From the sample data, most of the current FD of China’s coal cities is at a low level, the mean of FD is only 0.7120, and 13.64% of the sample cities have a FD level higher than 1.488. The FD level of China’s coal cities has not reached the optimal allocation. When the level of FD crosses the threshold, the economy enters a virtuous circle of healthy development. Improving FD and promoting the development of the capital market in coal cities should be regarded as an effective way to solve the problem of TFP loss in China’s coal cities and achieve high-quality economic development.

Compared with the regression results of HC threshold, it is found that the FD constraints of China’s coal cities are more serious, and the capital allocation efficiency of most sample cities is too low, which makes CD inhibit TFP. Through the sample data, it is found that the HC level of 14 sample cities exceeds the threshold value, but due to the constraints of FD, the development of the coal industry inhibits TFP. There is no FD constraint in the 2 sample cities, but the low level of HC is the main reason why the development of the coal industry inhibits TFP. It can be seen that in order to break the “resource curse” of coal cities and achieve high-quality economic development, it is necessary to improve the allocation efficiency of labor and capital at the same time, so that the development of the coal industry can promote the TFP.

China is a country rich in coal resources. Coal has always been China’s basic energy source, providing energy security for economic development. However, the development of many coal cities currently faces a dilemma. This article presents a theoretical analysis and empirical test on the nonlinear influence of the development of coal industry in China’s coal cities on their TFP. It is concluded that the sustainable economic development of China’s coal cities is highly correlated with the development level of the coal industry. The optimization of industrial structure and the improvement of resource allocation efficiency are the keys to achieve high-quality development of a coal city economy. The government should introduce targeted industrial adjustment policies to improve the efficiency of factor allocation, and guide the sustainable development of coal cities by classification according to different life cycle stages, so that coal cities can make better use of the advantages of coal resources to promote the quality of economic development.

4.1. Suggestions on industrial adjustment policies to improve resource allocation efficiency

4.1.1. Adjust the industrial structure and scientifically plan the development of coal industry

Abundant coal resources are not a bad thing. Only the excessive expansion of coal industry in coal cities will inhibit its TFP. Therefore, it is necessary to rationally plan the development of coal industry and promote the adjustment of the cities’ industrial structure. The government can formulate policies such as a “mining quota” to raise the entry threshold of the coal industry and eliminate backward production capacity. It can take advantage of the increase in fiscal revenue brought by a new resource tax to provide preferential policies in taxation and finance for non-resource industries such as manufacturing industry, and thereby promote the adjustment of industrial structure. In this way, the government can build a coal industry exit mechanism.

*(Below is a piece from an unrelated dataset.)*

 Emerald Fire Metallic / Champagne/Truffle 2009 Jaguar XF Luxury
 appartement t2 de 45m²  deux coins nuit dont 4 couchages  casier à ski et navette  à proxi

In reviving coal resource-based cities, it is necessary to constantly adjust the direction of transformation and to lead their industrial renaissance with industrial planning that deepens supply-side structural reform and builds a new development pattern of coal industry with both domestic and international markets. For example, the government can promote the development of coal electrochemical integration as part of the modern coal chemical industry. It can fund innovation-driven basic research and establish a new coal industry agglomeration. It can also work to build new labor-intensive industries. Alongside the industrial foundation of coal cities, we should actively develop modern service industries of diverse types.

4.1.2. Accumulate human capital and promote labor market development

Human capital is the foundation of innovation and provides an important factor for technology transformation. The HC level of labor supply determines the innovation and industrial transformation ability of coal cities. Increasing HC investment in coal cities, accelerating the accumulation of HC and cultivating the labor market can more efficiently allocate labor among various industries, so that the development of coal industry can still promote the improvement of TFP. The government should adopt a training strategy that targets the growth of new talents that can support the new industries mentioned above. While strengthening the basic education system, the government should also cultivate the specific HC that matches the local industry’s characteristics.

The accumulation of HC is a long-term process. The initiative of HC and individual labor rights mean that HC is different from other production factors and has strong cross-regional mobility. The loss of HC in coal cities to other places in China is serious, so it is necessary to adopt a policy of retaining people and attracting people to meet HC needs in the process of industrial structure transformation. The government must vigorously carry out vocational education and on-the-job training, strengthen the construction of vocational education and training bases, and improve the scientific quality and labor skills of front-line production personnel. China can learn from the successful experience of Japan and other countries to strengthen the skills training of existing workers before the transformation of the coal industry, so that they can quickly transfer to other industries after the transformation of the coal industry, reduce the sunk cost of labor and improve the efficiency of labor allocation.

4.1.3. Actively develop green finance and promote the development of capital market

Capital is a necessary factor input condition for industrial development. The scale, growth rate, availability, and price of capital supply will affect the evolution of industrial structure. On the basis of the capital structure, the ability to access capital determines the speed and scale of industrial development. A well-developed capital market can provide sufficient information, improve the capital structure of enterprises, reduce financing costs and improve the allocation efficiency of factors among various industries. China’s coal city economic development level is low, and the shortage of funds is serious. Capital constraints make these regions give priority to the development of coal industry, which requires less capital, while the development of manufacturing industry, which requires more capital, is inhibited. The poor development of the capital market in coal cities makes the development of the manufacturing industry subject to financing constraints, which often leads to manufacturing enterprises with insufficient internal funds, failing to obtain external financing due to the lack of mortgage assets or high financing cost, and thus missing the development opportunity.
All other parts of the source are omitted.